§ **WHAT IS NEEDED**:
Below are records with pictures; copy word for word only the lines between the line with "I'm Sarah, a" and the line with "Welcome back, everyone.", inclusive, and drop the pictures.

§ **INPUT FOR THIS TASK**:
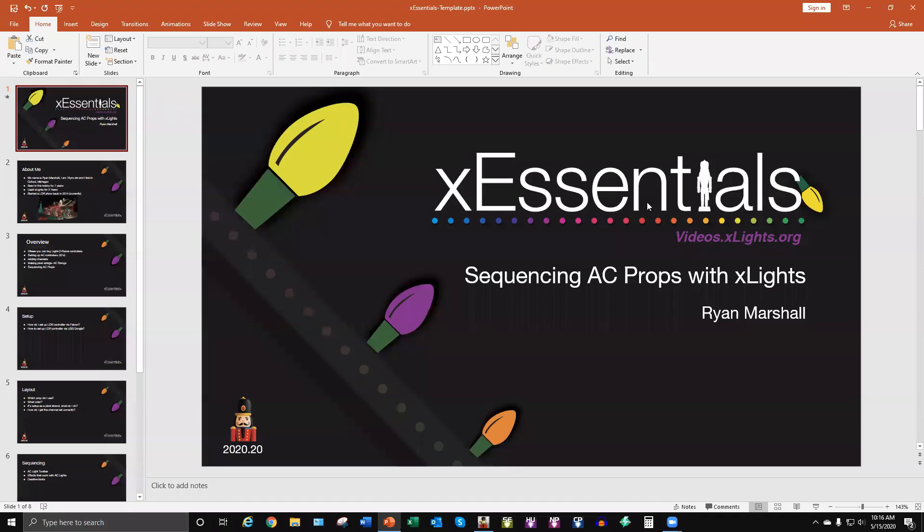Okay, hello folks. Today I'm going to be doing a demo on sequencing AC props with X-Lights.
* * *
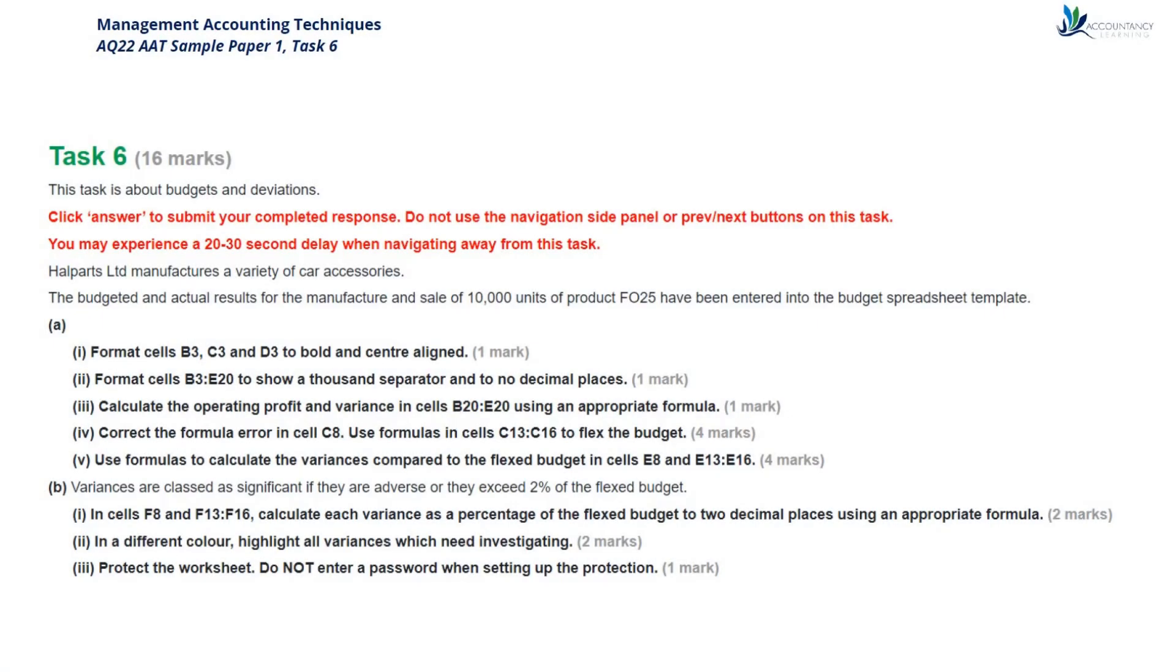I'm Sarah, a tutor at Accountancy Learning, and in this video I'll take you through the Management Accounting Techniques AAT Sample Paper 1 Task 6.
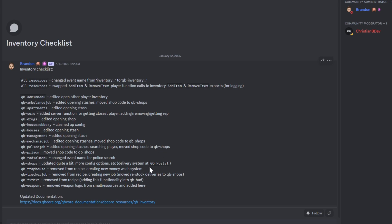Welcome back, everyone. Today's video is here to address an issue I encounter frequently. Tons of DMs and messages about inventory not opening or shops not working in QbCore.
--
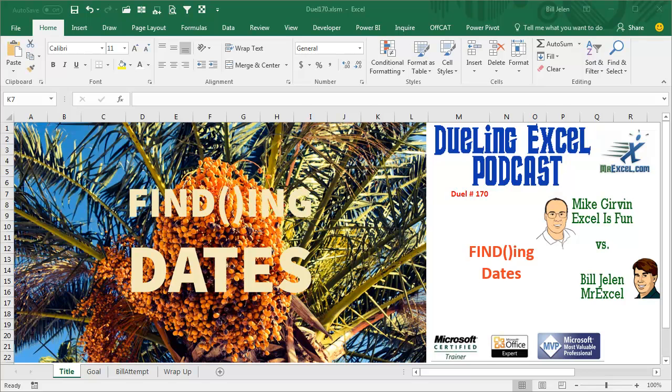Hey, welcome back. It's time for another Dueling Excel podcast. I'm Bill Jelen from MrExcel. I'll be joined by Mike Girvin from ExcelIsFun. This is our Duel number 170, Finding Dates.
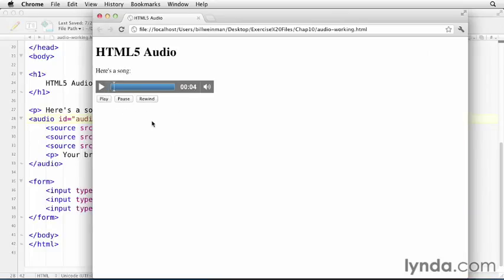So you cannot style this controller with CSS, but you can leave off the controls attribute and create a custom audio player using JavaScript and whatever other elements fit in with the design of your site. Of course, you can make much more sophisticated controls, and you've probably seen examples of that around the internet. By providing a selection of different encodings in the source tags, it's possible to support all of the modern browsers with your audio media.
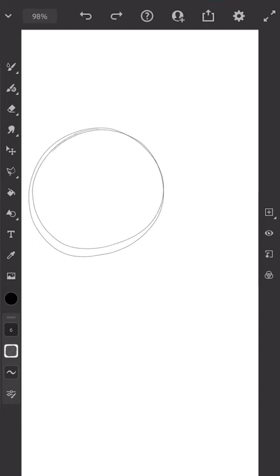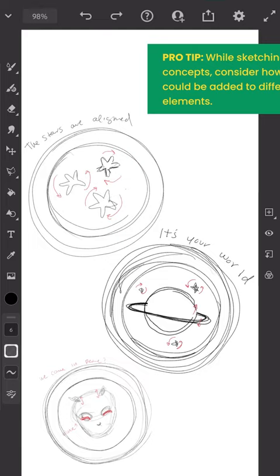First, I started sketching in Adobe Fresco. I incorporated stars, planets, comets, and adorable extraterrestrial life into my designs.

§ **SOLUTION TO THE PROBLEM**:
I'm Sarah, a tutor at Accountancy Learning, and in this video I'll take you through the Management Accounting Techniques AAT Sample Paper 1 Task 6.
Welcome back, everyone. Today's video is here to address an issue I encounter frequently. Tons of DMs and messages about inventory not opening or shops not working in QbCore.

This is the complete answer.